__Stored dataset items__

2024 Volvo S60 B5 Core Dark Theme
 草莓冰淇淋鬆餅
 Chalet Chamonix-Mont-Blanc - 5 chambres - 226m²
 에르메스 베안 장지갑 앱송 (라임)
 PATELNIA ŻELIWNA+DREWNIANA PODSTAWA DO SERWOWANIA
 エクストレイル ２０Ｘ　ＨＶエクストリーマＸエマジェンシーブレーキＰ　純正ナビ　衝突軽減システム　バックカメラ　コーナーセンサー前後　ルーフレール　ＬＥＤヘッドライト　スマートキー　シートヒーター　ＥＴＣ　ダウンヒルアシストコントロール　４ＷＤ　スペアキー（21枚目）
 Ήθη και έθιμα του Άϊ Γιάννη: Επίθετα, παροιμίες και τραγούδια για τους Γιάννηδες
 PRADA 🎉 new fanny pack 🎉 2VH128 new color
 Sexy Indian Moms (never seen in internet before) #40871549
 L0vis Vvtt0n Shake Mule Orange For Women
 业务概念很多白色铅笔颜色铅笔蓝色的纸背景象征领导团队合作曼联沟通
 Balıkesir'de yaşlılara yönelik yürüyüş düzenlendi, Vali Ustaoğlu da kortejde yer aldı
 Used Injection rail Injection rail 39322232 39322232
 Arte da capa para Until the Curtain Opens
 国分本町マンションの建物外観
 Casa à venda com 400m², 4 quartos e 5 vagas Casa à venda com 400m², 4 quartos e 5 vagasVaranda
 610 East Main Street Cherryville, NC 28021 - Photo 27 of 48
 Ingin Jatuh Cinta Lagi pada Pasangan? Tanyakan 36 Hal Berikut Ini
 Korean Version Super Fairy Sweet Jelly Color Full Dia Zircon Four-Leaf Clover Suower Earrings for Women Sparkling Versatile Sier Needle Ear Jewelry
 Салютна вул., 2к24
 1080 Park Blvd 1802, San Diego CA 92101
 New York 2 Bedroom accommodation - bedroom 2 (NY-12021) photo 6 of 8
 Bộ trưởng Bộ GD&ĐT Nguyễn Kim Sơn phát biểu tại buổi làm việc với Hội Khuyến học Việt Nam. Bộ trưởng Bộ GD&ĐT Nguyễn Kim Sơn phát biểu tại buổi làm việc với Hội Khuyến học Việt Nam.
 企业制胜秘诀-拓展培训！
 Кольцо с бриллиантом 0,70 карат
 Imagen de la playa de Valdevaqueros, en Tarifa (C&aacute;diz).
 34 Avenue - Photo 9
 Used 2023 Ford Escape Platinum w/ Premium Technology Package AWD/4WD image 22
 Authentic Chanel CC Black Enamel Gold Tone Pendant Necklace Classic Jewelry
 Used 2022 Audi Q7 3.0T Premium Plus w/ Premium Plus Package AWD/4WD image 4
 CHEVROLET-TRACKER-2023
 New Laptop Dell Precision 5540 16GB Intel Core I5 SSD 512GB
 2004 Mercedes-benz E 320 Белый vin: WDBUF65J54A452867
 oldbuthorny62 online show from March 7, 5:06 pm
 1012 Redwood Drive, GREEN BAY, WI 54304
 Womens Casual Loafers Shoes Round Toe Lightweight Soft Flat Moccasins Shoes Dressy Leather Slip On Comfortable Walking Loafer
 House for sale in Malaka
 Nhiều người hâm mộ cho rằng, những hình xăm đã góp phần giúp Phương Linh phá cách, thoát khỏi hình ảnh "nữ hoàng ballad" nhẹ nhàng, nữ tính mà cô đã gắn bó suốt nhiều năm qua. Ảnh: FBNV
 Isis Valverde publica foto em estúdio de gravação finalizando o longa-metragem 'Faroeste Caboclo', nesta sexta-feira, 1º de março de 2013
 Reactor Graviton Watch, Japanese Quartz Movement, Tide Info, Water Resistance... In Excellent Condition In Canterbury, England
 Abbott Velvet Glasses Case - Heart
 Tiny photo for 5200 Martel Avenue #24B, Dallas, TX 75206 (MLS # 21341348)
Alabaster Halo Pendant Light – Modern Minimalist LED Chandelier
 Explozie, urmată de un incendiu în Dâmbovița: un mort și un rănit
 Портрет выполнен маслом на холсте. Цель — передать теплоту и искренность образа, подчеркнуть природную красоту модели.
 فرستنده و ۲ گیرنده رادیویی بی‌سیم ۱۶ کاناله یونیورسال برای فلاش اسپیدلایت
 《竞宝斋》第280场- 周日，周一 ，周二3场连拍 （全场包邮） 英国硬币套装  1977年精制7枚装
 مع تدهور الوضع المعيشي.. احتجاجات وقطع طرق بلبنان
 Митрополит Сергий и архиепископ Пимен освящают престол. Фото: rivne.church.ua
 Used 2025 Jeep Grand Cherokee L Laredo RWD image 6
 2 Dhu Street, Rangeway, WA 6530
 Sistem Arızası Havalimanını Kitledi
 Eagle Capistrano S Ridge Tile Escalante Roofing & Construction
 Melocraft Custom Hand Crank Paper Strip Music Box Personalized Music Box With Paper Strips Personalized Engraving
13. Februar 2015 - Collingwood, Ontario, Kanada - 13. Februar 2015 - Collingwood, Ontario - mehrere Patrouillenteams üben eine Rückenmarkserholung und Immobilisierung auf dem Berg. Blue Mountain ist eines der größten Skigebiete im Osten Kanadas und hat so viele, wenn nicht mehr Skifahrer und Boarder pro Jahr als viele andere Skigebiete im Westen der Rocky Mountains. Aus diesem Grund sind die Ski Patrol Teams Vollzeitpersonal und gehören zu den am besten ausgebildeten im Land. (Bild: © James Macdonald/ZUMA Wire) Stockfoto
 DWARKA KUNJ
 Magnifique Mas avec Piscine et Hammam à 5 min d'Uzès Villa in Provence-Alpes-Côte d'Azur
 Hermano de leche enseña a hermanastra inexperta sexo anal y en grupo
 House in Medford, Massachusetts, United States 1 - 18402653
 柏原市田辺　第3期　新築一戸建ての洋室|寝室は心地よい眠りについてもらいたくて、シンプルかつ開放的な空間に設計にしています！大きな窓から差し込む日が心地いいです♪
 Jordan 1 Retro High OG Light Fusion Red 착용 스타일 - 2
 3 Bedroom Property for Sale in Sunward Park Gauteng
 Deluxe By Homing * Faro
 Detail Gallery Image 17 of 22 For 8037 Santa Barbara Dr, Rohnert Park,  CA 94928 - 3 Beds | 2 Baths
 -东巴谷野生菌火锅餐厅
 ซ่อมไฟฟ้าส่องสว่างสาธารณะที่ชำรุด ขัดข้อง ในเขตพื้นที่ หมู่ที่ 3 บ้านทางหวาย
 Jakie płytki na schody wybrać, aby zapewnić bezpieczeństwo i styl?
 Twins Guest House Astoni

__Your goal__
Beginning of the records through the line with "Việt Nam. Bộ": return that span exactly and stop there.

__Task answer__
2024 Volvo S60 B5 Core Dark Theme
 草莓冰淇淋鬆餅
 Chalet Chamonix-Mont-Blanc - 5 chambres - 226m²
 에르메스 베안 장지갑 앱송 (라임)
 PATELNIA ŻELIWNA+DREWNIANA PODSTAWA DO SERWOWANIA
 エクストレイル ２０Ｘ　ＨＶエクストリーマＸエマジェンシーブレーキＰ　純正ナビ　衝突軽減システム　バックカメラ　コーナーセンサー前後　ルーフレール　ＬＥＤヘッドライト　スマートキー　シートヒーター　ＥＴＣ　ダウンヒルアシストコントロール　４ＷＤ　スペアキー（21枚目）
 Ήθη και έθιμα του Άϊ Γιάννη: Επίθετα, παροιμίες και τραγούδια για τους Γιάννηδες
 PRADA 🎉 new fanny pack 🎉 2VH128 new color
 Sexy Indian Moms (never seen in internet before) #40871549
 L0vis Vvtt0n Shake Mule Orange For Women
 业务概念很多白色铅笔颜色铅笔蓝色的纸背景象征领导团队合作曼联沟通
 Balıkesir'de yaşlılara yönelik yürüyüş düzenlendi, Vali Ustaoğlu da kortejde yer aldı
 Used Injection rail Injection rail 39322232 39322232
 Arte da capa para Until the Curtain Opens
 国分本町マンションの建物外観
 Casa à venda com 400m², 4 quartos e 5 vagas Casa à venda com 400m², 4 quartos e 5 vagasVaranda
 610 East Main Street Cherryville, NC 28021 - Photo 27 of 48
 Ingin Jatuh Cinta Lagi pada Pasangan? Tanyakan 36 Hal Berikut Ini
 Korean Version Super Fairy Sweet Jelly Color Full Dia Zircon Four-Leaf Clover Suower Earrings for Women Sparkling Versatile Sier Needle Ear Jewelry
 Салютна вул., 2к24
 1080 Park Blvd 1802, San Diego CA 92101
 New York 2 Bedroom accommodation - bedroom 2 (NY-12021) photo 6 of 8
 Bộ trưởng Bộ GD&ĐT Nguyễn Kim Sơn phát biểu tại buổi làm việc với Hội Khuyến học Việt Nam. Bộ trưởng Bộ GD&ĐT Nguyễn Kim Sơn phát biểu tại buổi làm việc với Hội Khuyến học Việt Nam.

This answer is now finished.